** Opening THE RECORDS block **

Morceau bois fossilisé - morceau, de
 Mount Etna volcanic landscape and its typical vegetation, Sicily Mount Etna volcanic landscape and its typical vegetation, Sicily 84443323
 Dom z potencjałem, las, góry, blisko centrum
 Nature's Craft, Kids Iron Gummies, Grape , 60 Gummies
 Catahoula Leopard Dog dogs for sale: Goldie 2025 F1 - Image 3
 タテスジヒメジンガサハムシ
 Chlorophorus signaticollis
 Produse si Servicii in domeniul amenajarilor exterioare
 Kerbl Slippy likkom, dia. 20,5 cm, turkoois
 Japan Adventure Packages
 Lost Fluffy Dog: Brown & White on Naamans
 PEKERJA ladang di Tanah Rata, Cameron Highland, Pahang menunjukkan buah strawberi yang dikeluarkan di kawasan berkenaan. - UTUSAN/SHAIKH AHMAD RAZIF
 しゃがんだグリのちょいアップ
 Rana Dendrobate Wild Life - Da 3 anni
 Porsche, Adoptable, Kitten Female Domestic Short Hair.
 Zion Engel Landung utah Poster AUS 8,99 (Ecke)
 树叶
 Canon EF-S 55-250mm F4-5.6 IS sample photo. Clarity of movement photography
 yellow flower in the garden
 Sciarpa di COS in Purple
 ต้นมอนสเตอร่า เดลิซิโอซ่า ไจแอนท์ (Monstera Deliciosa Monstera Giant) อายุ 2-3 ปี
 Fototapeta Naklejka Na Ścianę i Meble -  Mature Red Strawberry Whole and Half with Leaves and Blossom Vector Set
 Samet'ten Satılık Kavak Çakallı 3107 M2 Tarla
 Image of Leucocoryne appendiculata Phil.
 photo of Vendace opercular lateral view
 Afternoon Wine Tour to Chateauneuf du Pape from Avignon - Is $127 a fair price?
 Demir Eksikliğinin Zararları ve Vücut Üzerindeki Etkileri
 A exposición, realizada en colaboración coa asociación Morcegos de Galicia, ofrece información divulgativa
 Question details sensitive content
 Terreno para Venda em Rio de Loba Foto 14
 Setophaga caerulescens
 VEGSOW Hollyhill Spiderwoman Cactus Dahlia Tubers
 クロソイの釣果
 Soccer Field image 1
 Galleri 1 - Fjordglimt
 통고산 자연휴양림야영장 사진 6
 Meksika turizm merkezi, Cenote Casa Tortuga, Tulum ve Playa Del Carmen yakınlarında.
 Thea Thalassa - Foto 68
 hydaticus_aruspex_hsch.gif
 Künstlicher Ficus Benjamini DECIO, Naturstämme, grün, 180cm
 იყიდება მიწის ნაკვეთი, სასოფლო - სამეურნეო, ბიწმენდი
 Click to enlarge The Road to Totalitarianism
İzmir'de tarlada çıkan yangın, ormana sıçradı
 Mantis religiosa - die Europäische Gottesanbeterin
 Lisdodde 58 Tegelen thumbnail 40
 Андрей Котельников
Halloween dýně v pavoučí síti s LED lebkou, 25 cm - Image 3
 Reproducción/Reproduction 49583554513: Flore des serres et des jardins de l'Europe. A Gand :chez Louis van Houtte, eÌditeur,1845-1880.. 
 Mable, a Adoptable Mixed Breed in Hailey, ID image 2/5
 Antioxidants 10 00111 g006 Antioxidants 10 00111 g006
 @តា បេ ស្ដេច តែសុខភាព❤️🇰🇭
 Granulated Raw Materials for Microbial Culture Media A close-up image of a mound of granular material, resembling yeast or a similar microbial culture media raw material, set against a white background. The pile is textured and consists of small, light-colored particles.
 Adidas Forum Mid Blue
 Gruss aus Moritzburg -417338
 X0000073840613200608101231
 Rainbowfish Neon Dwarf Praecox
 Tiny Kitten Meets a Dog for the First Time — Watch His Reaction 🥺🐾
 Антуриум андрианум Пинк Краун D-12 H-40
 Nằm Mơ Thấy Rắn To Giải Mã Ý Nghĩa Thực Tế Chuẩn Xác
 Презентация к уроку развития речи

** Closing THE RECORDS block **

> [EXERCISE REQUIREMENTS] Please write out only the lines from the one containing "Samet'ten Satılık Kavak" to the end of the records above, exactly, both ends included.

> [TASK RESPONSE]
 Samet'ten Satılık Kavak Çakallı 3107 M2 Tarla
 Image of Leucocoryne appendiculata Phil.
 photo of Vendace opercular lateral view
 Afternoon Wine Tour to Chateauneuf du Pape from Avignon - Is $127 a fair price?
 Demir Eksikliğinin Zararları ve Vücut Üzerindeki Etkileri
 A exposición, realizada en colaboración coa asociación Morcegos de Galicia, ofrece información divulgativa
 Question details sensitive content
 Terreno para Venda em Rio de Loba Foto 14
 Setophaga caerulescens
 VEGSOW Hollyhill Spiderwoman Cactus Dahlia Tubers
 クロソイの釣果
 Soccer Field image 1
 Galleri 1 - Fjordglimt
 통고산 자연휴양림야영장 사진 6
 Meksika turizm merkezi, Cenote Casa Tortuga, Tulum ve Playa Del Carmen yakınlarında.
 Thea Thalassa - Foto 68
 hydaticus_aruspex_hsch.gif
 Künstlicher Ficus Benjamini DECIO, Naturstämme, grün, 180cm
 იყიდება მიწის ნაკვეთი, სასოფლო - სამეურნეო, ბიწმენდი
 Click to enlarge The Road to Totalitarianism
İzmir'de tarlada çıkan yangın, ormana sıçradı
 Mantis religiosa - die Europäische Gottesanbeterin
 Lisdodde 58 Tegelen thumbnail 40
 Андрей Котельников
Halloween dýně v pavoučí síti s LED lebkou, 25 cm - Image 3
 Reproducción/Reproduction 49583554513: Flore des serres et des jardins de l'Europe. A Gand :chez Louis van Houtte, eÌditeur,1845-1880.. 
 Mable, a Adoptable Mixed Breed in Hailey, ID image 2/5
 Antioxidants 10 00111 g006 Antioxidants 10 00111 g006
 @តា បេ ស្ដេច តែសុខភាព❤️🇰🇭
 Granulated Raw Materials for Microbial Culture Media A close-up image of a mound of granular material, resembling yeast or a similar microbial culture media raw material, set against a white background. The pile is textured and consists of small, light-colored particles.
 Adidas Forum Mid Blue
 Gruss aus Moritzburg -417338
 X0000073840613200608101231
 Rainbowfish Neon Dwarf Praecox
 Tiny Kitten Meets a Dog for the First Time — Watch His Reaction 🥺🐾
 Антуриум андрианум Пинк Краун D-12 H-40
 Nằm Mơ Thấy Rắn To Giải Mã Ý Nghĩa Thực Tế Chuẩn Xác
 Презентация к уроку развития речи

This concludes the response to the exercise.